* WHAT YOU WILL DO
Would you please copy only the lines from the line that contains "Le 5 migliori" to the end of the data below, exactly, leaving every picture out?

* WORKING DATA
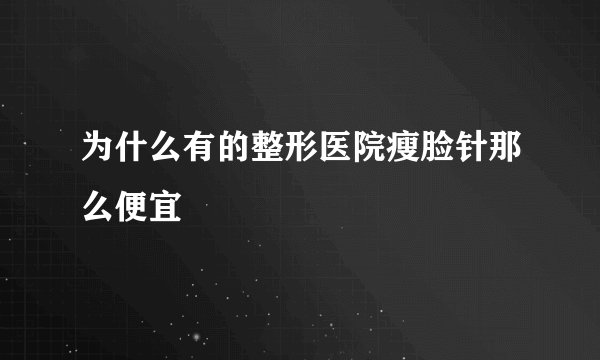 为什么有的整形医院瘦脸针那么便宜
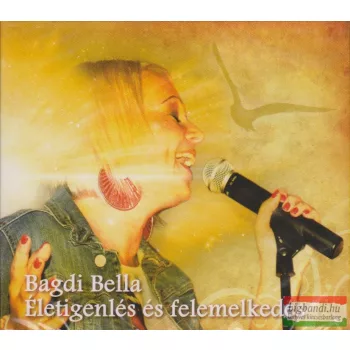 Bagdi Bella - Életigenlés és felemelkedés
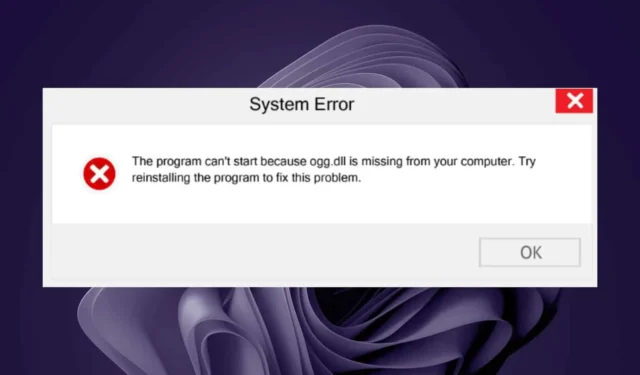 Le 5 migliori soluzioni per risolvere l’errore “File OGG.DLL mancante o non trovato”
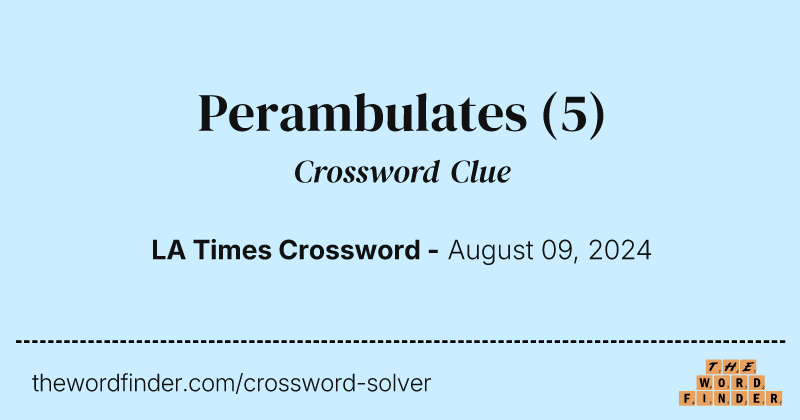 Perambulates crossword clue image
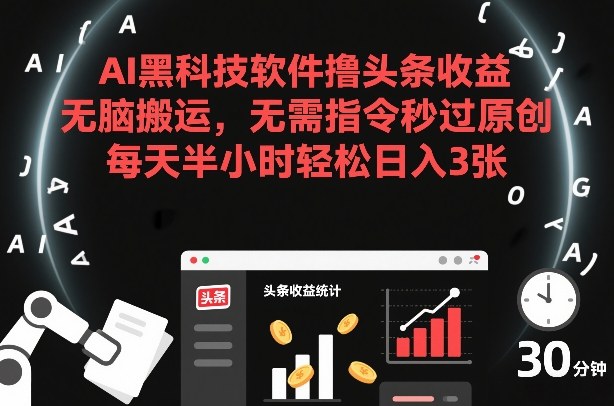 AI黑科技软件撸头条收益，无脑搬运，无需指令秒过原创，每天半小时轻松日入3张【揭秘】-聚富社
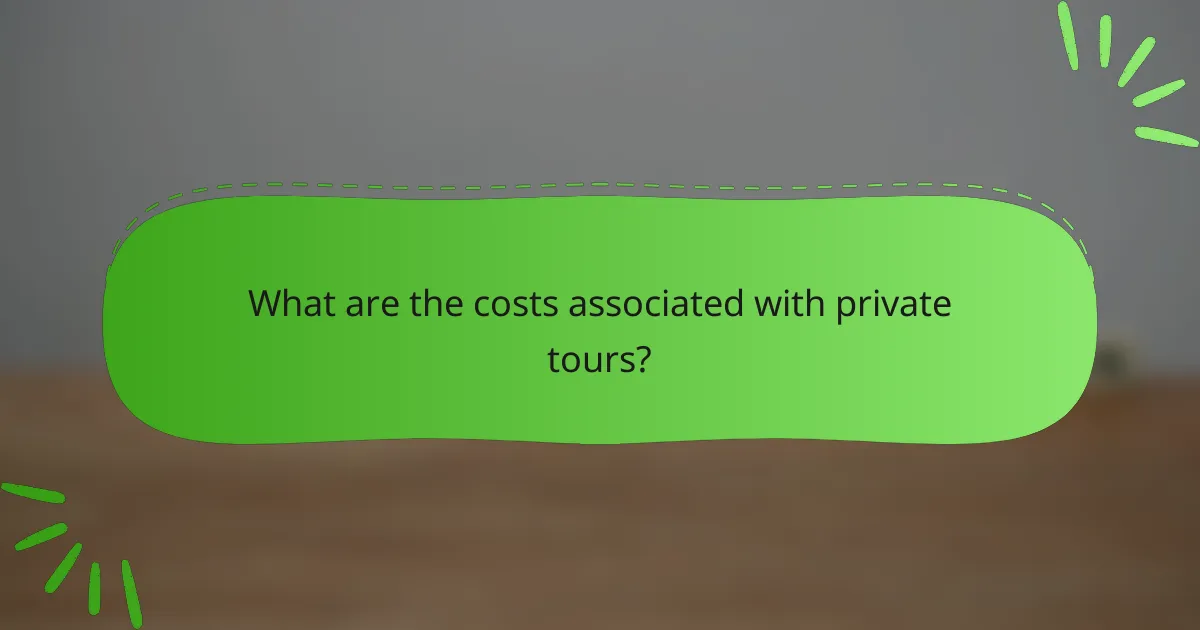 What are the costs associated with private tours?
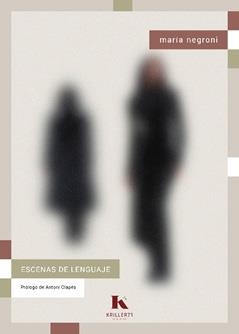 ESCENAS DE LENGUAJE | 9788412863468 | NEGRONI, MARÍA | Llibreria Geli - Llibreria Online de Girona - Comprar llibres en català i castellà
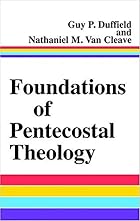 Foundations of Pentecostal Theology by Guy…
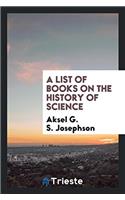 A List of Books on the History of Science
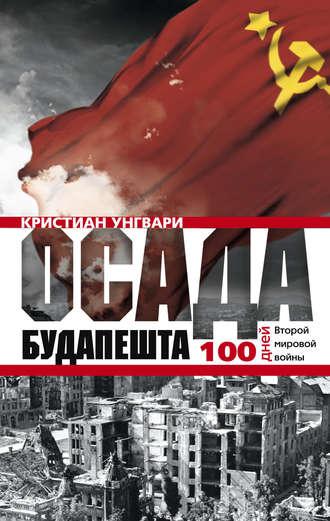 Осада Будапешта. 100 дней Второй мировой войны, аудиокнига Кристиана Унгвари. ISDN6099908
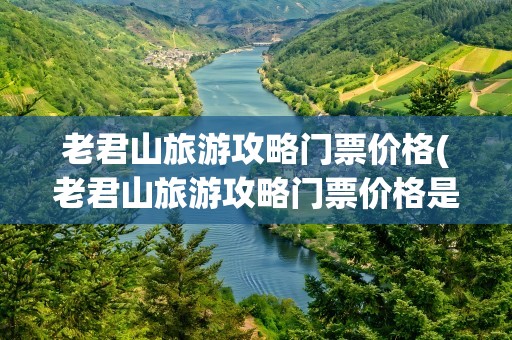 老君山旅游攻略门票价格(老君山旅游攻略门票价格是多少)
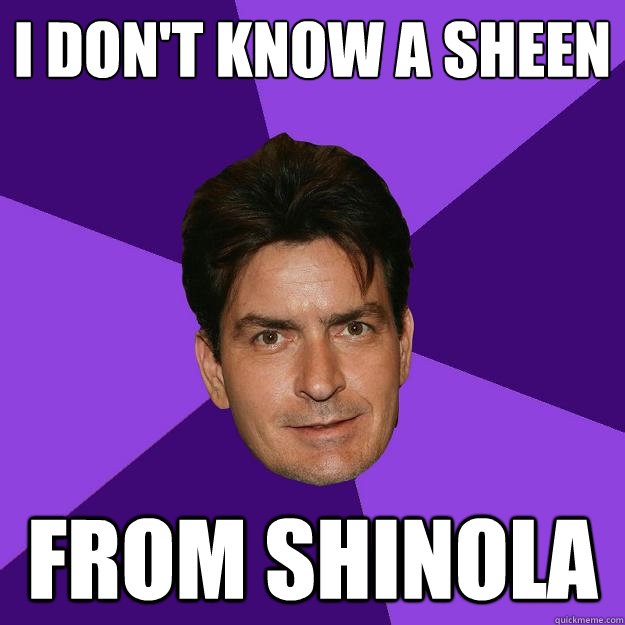 I don't know a sheen from shinola  Clean Sheen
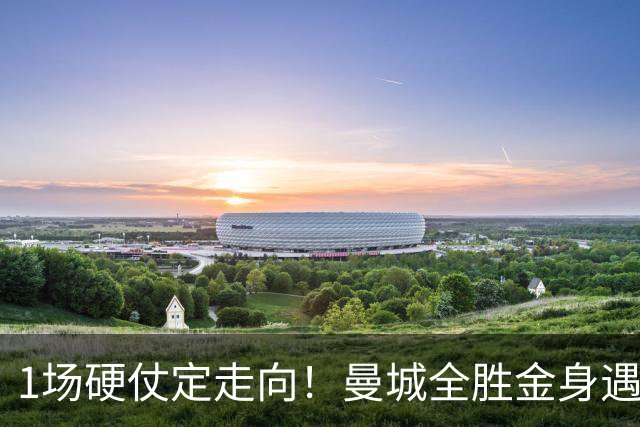 1场硬仗定走向！曼城全胜金身遇苦主维拉，福登能否再续火热状态？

* REPLY
 Le 5 migliori soluzioni per risolvere l’errore “File OGG.DLL mancante o non trovato”
 Perambulates crossword clue image
 AI黑科技软件撸头条收益，无脑搬运，无需指令秒过原创，每天半小时轻松日入3张【揭秘】-聚富社
 What are the costs associated with private tours?
 ESCENAS DE LENGUAJE | 9788412863468 | NEGRONI, MARÍA | Llibreria Geli - Llibreria Online de Girona - Comprar llibres en català i castellà
 Foundations of Pentecostal Theology by Guy…
 A List of Books on the History of Science
 Осада Будапешта. 100 дней Второй мировой войны, аудиокнига Кристиана Унгвари. ISDN6099908
 老君山旅游攻略门票价格(老君山旅游攻略门票价格是多少)
 I don't know a sheen from shinola  Clean Sheen
 1场硬仗定走向！曼城全胜金身遇苦主维拉，福登能否再续火热状态？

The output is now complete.